Find all bridges in an undirected graph with DFS¶

An edge in an undirected graph is a bridge iff removing it disconnects the graph Time Complexity: \(O(|V| + |E|)\) Space Complexity: \(O(|V|)\)

from typing import Tuple
class Graph:
    def __init__(self, size: int):
        self.size = size
        self.graph = defaultdict(list)  # adj. list
        self.current_time = 0
        self.bridges = []

    def add_edge(self, u, v):
        # It's important to add an edge both ways for an undirected graph
        self.graph[u].append(v)
        self.graph[v].append(u)

    def print_bridges(self):
        for v, w in self.bridges:
            print(f"{v}-{w} is a bridge.")
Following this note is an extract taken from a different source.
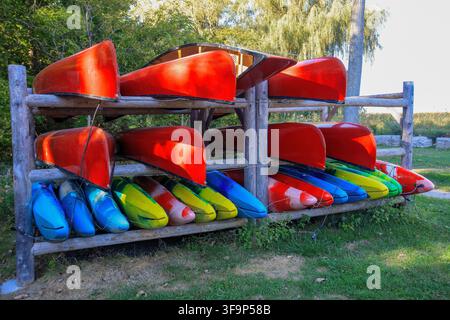 Eine ruhige Szene mit bunten Kanus in einem Rack auf dem Gras Stockfoto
    def find_bridge_dfs(self, v: int, visited: List[bool], parent: List[int], low: List[int], disc: List[int]) -> List[Tuple[int, int]]:
        """
        1. An edge (u,v) where u is a parent of v, is a bridge if there does not
           exist any other alternative to reach u or an ancestor of u from the
           subtree rooted with v.
        2. low[v] indicates the earliest visited vertex reachable from the subtree
           rooted with v. Therefore, the condition for an edge (u,v) to be a bridge
           is low[v] > disc[u]
        """
        visited[v] = True

        disc[v] = self.current_time
        low[v] = self.current_time  # earliest visited vertex reachable from subtree rooted with u
        self.current_time += 1

        for w in self.graph[v]:
            if not visited[w]:
                parent[w] = v
                self.find_bridge_dfs(w, visited, parent, low, disc)

                # since we performed dfs on w, we make sure the earliest ancestor reachable
                # from v incorporates those reachable from w
                low[v] = min(low[v], low[w])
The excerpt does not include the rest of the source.